((

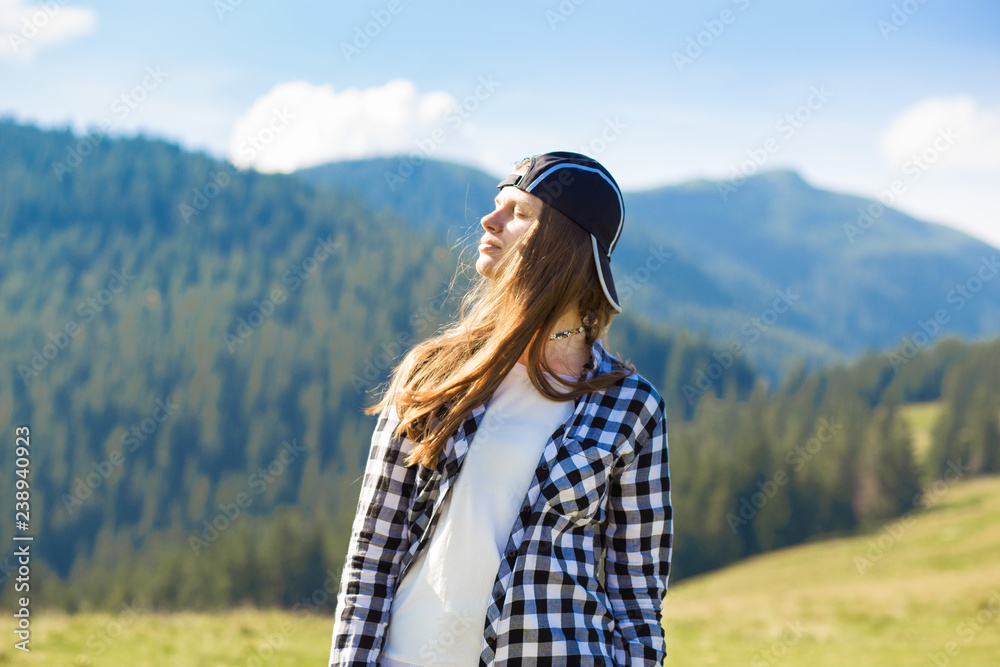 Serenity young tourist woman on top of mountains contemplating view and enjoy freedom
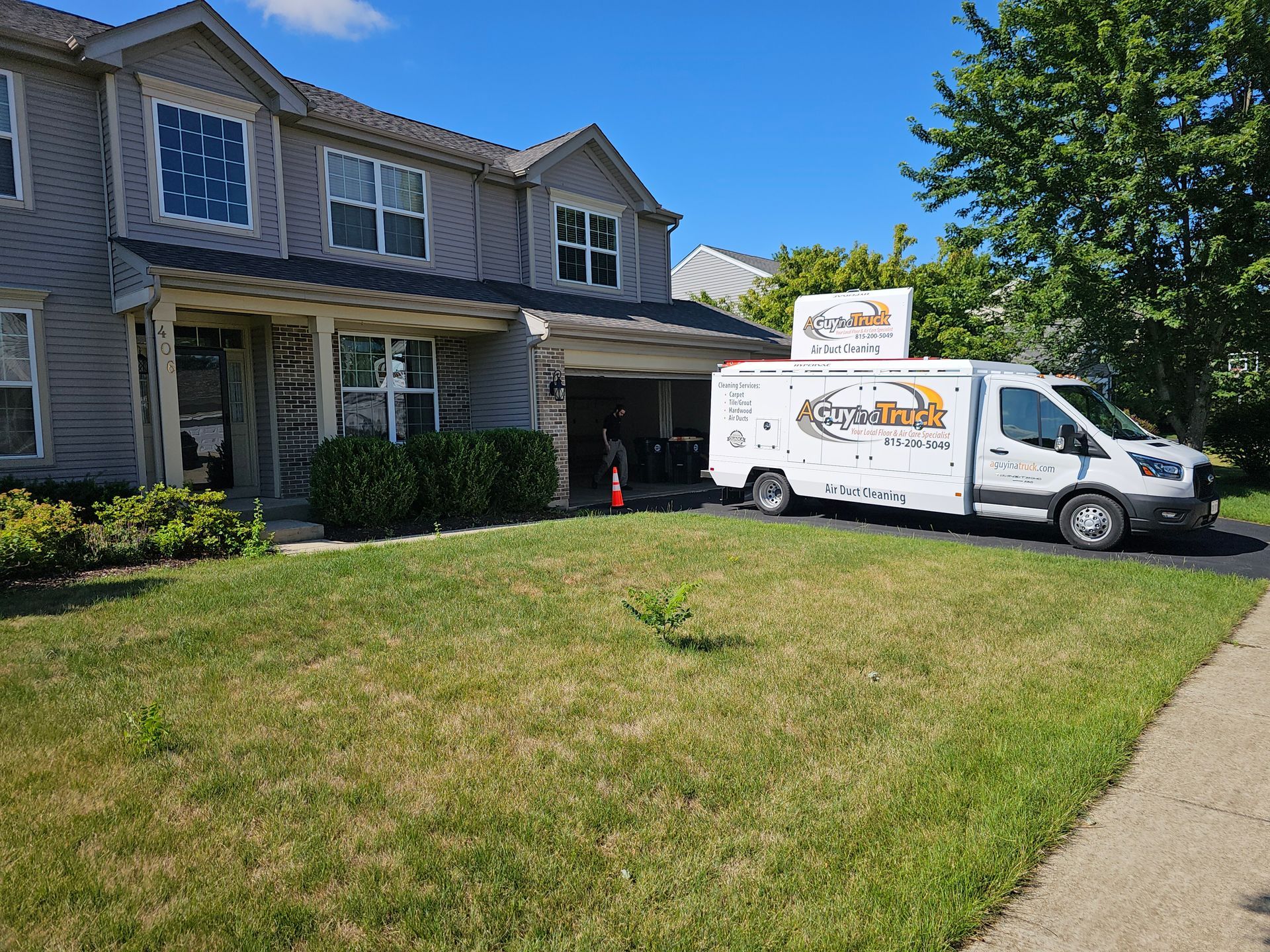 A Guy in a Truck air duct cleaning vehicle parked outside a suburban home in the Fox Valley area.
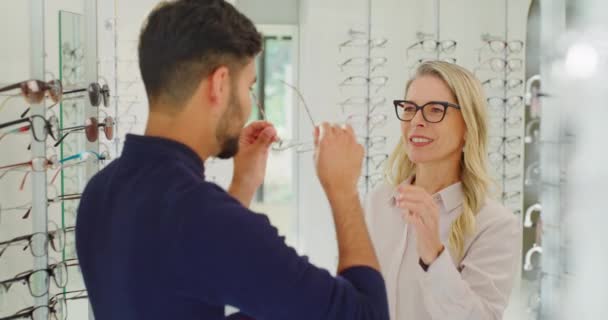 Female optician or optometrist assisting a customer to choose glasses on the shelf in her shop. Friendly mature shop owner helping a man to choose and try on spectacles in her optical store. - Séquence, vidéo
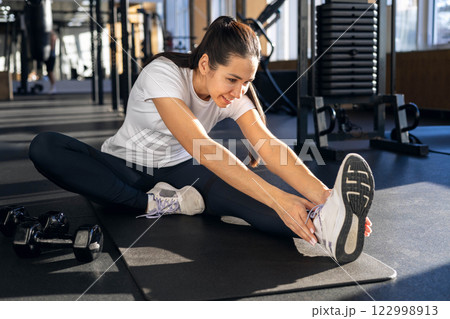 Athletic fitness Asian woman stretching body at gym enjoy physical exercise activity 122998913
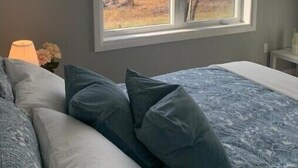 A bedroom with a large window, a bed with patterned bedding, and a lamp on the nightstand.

))

Problem details: Your copy must repeat the data word for word and show none of its images.

Solution:
 Serenity young tourist woman on top of mountains contemplating view and enjoy freedom
 A Guy in a Truck air duct cleaning vehicle parked outside a suburban home in the Fox Valley area.
 Female optician or optometrist assisting a customer to choose glasses on the shelf in her shop. Friendly mature shop owner helping a man to choose and try on spectacles in her optical store. - Séquence, vidéo
 Athletic fitness Asian woman stretching body at gym enjoy physical exercise activity 122998913
 A bedroom with a large window, a bed with patterned bedding, and a lamp on the nightstand.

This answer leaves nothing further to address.